-- Provided data follows --

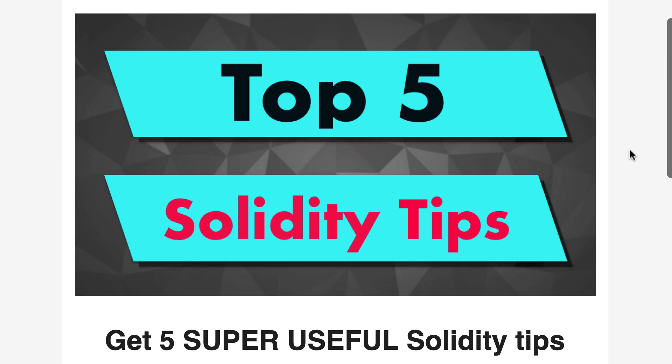By the way, if you're interested in gas, you are probably also interested in Solidity. And I've prepared a very short email course where I give you all my secret tips for Solidity so you can get it for free. Just follow the link in the description.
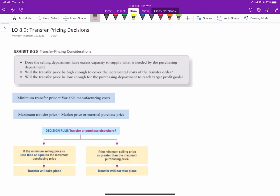Hello there. In this video, we'll discuss the basics of transfer pricing and go through a pretty common transfer pricing problem. First of all, in essence, transfer pricing is very similar to the special order decision.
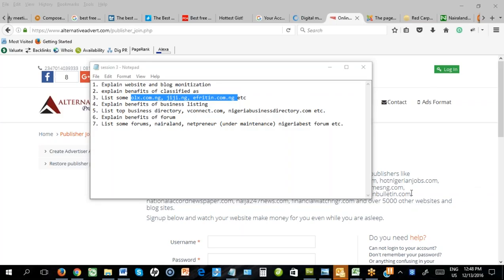Another important platform is directories. There are lots of directories out there — we have vconnect.com, we have Nigerian Business Directory. Please go online and search for Nigerian business directories. List your product or services there. The important thing is: the more places your products or services are displayed, the better for your SEO. The more places you find your name, your business name, and your website address, the more relevant your business appears. So go to directories as well and list your business in as many as possible.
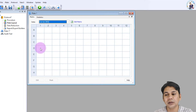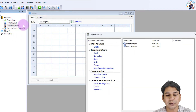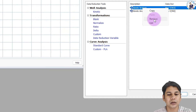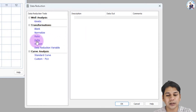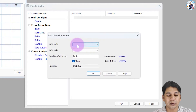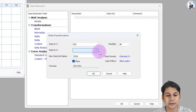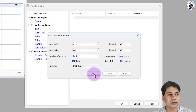The next step is data reduction. By default, it has kinetic analysis loaded, so I am going to remove that. First, we have to perform the delta reduction option to remove the background absorbance of the plate. I am selecting delta here — data at 405 nm minus data at the reference wavelength 490 nm. You can see the formula and the name 'delta.' Click OK.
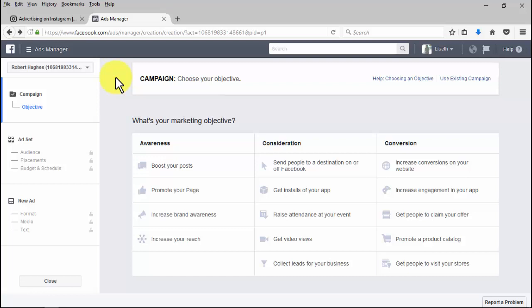Boosting your posts with the page post engagement objective: you'll be able to get more people to see and engage with your page posts. Increasing brand awareness with the brand awareness objective: you'll be able to reach people more likely to pay attention to your ads.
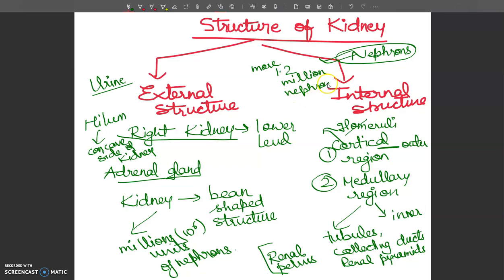Each nephron originates from the cortex region and extends into the medulla. Renal arteries and renal veins are also associated. The detailed structure of the nephron will be covered in the next video.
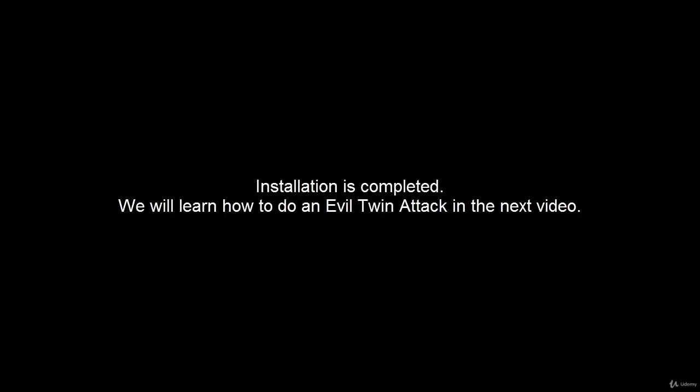Installation is complete. Thank you for watching this video.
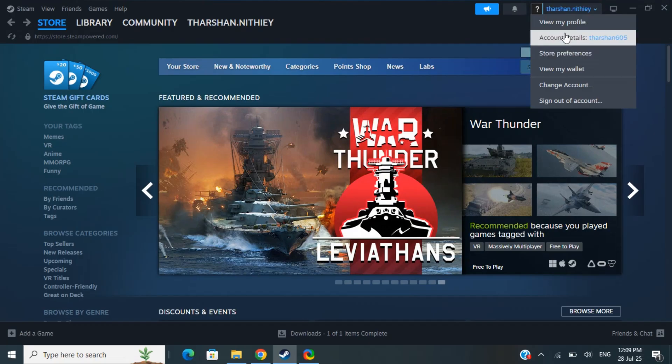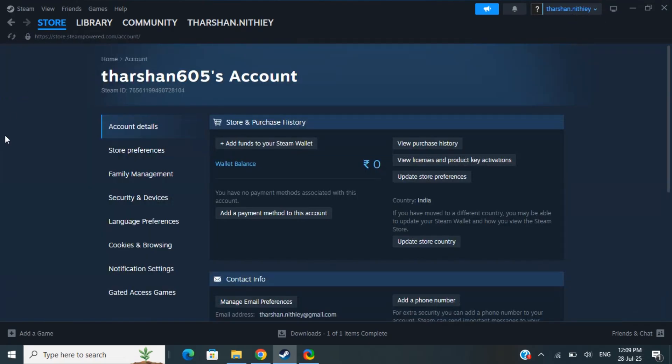Once you've logged into your account here, go to your account details. Click on your account and then go to your account details here.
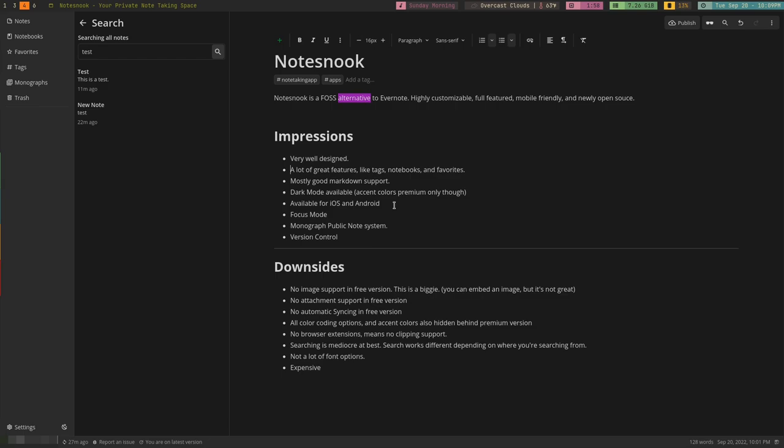Let's go ahead and jump in, and I'll show you exactly what NotesNook looks like. So this is what NotesNook looks like, and if you've ever used Evernote before, it looks somewhat like Evernote. It has the basic setup, three-column view.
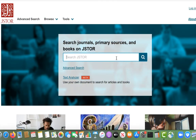JSTOR is another popular database for finding journal articles. It's different from RILM in that it is interdisciplinary, meaning it contains articles on many different subjects, not just music. It also offers linked full text for all journal articles in the database. Since JSTOR is exclusively a full text database, articles published in the last three to four years may not be available yet — this is something to keep in mind as you compile your bibliography.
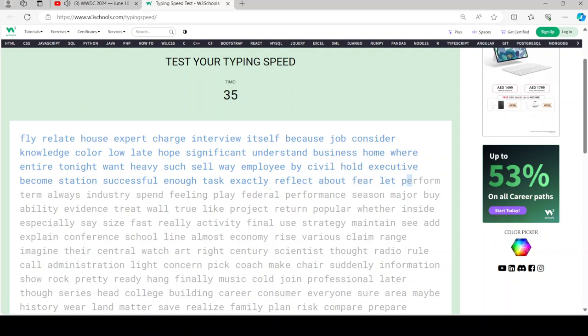It starts with improving the appearance of your writing as you write. We use a powerful on-device machine learning model to recreate your handwriting style from your notes, which unlocks new capabilities.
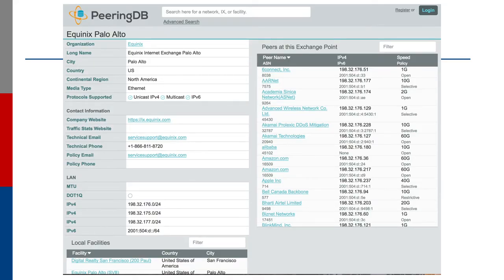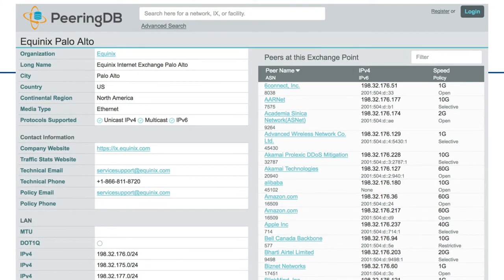The slide shows an example of a PeeringDB entry. This particular one is from the Equinix Internet Exchange Point at Palo Alto, the former Palo Alto Internet Exchange. The slide shows typical examples of the peers available at this exchange point — it shows the address, the contact information, the prefixes used at the exchange point, and the peers present there. You can also see the different peering policies that the different peers have, the type of bandwidth they would connect with, and the address space they would probably be announcing.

-- Provided data concluded --

## Task to complete
Only the pictures are to be left out; all other material is to be output exactly.

## Exercise output
By the way, if you're interested in gas, you are probably also interested in Solidity. And I've prepared a very short email course where I give you all my secret tips for Solidity so you can get it for free. Just follow the link in the description.
Hello there. In this video, we'll discuss the basics of transfer pricing and go through a pretty common transfer pricing problem. First of all, in essence, transfer pricing is very similar to the special order decision.
Another important platform is directories. There are lots of directories out there — we have vconnect.com, we have Nigerian Business Directory. Please go online and search for Nigerian business directories. List your product or services there. The important thing is: the more places your products or services are displayed, the better for your SEO. The more places you find your name, your business name, and your website address, the more relevant your business appears. So go to directories as well and list your business in as many as possible.
The next step is data reduction. By default, it has kinetic analysis loaded, so I am going to remove that. First, we have to perform the delta reduction option to remove the background absorbance of the plate. I am selecting delta here — data at 405 nm minus data at the reference wavelength 490 nm. You can see the formula and the name 'delta.' Click OK.
Boosting your posts with the page post engagement objective: you'll be able to get more people to see and engage with your page posts. Increasing brand awareness with the brand awareness objective: you'll be able to reach people more likely to pay attention to your ads.
Each nephron originates from the cortex region and extends into the medulla. Renal arteries and renal veins are also associated. The detailed structure of the nephron will be covered in the next video.
Installation is complete. Thank you for watching this video.
Once you've logged into your account here, go to your account details. Click on your account and then go to your account details here.
Let's go ahead and jump in, and I'll show you exactly what NotesNook looks like. So this is what NotesNook looks like, and if you've ever used Evernote before, it looks somewhat like Evernote. It has the basic setup, three-column view.
JSTOR is another popular database for finding journal articles. It's different from RILM in that it is interdisciplinary, meaning it contains articles on many different subjects, not just music. It also offers linked full text for all journal articles in the database. Since JSTOR is exclusively a full text database, articles published in the last three to four years may not be available yet — this is something to keep in mind as you compile your bibliography.
It starts with improving the appearance of your writing as you write. We use a powerful on-device machine learning model to recreate your handwriting style from your notes, which unlocks new capabilities.
The slide shows an example of a PeeringDB entry. This particular one is from the Equinix Internet Exchange Point at Palo Alto, the former Palo Alto Internet Exchange. The slide shows typical examples of the peers available at this exchange point — it shows the address, the contact information, the prefixes used at the exchange point, and the peers present there. You can also see the different peering policies that the different peers have, the type of bandwidth they would connect with, and the address space they would probably be announcing.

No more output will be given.